**Assignment:**
Restate word for word the entries below, starting with the line with "Bản vẽ kỹ thuật" and continuing through the line with "Feines Armband mit". Include both of those lines and no others.

**Supplied data:**
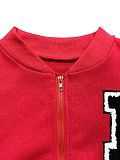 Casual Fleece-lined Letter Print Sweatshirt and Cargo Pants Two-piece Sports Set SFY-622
...
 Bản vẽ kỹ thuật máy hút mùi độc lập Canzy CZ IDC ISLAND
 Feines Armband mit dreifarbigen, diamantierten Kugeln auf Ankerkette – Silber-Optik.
==
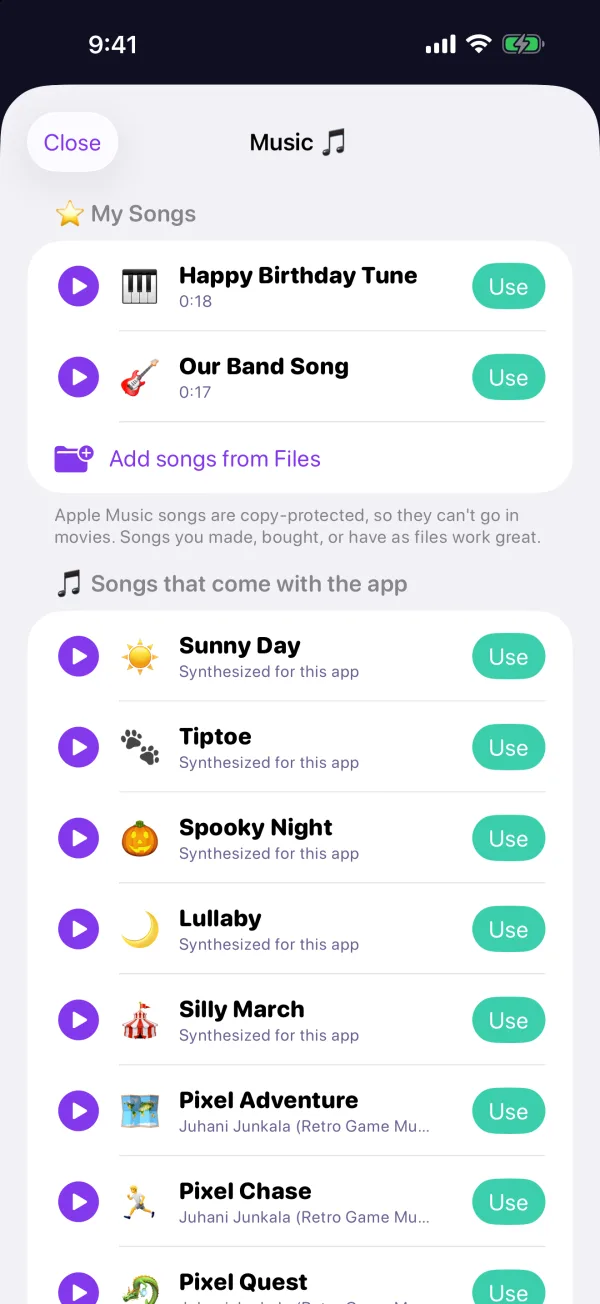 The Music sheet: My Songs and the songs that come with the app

**Answer space:**
 Bản vẽ kỹ thuật máy hút mùi độc lập Canzy CZ IDC ISLAND
 Feines Armband mit dreifarbigen, diamantierten Kugeln auf Ankerkette – Silber-Optik.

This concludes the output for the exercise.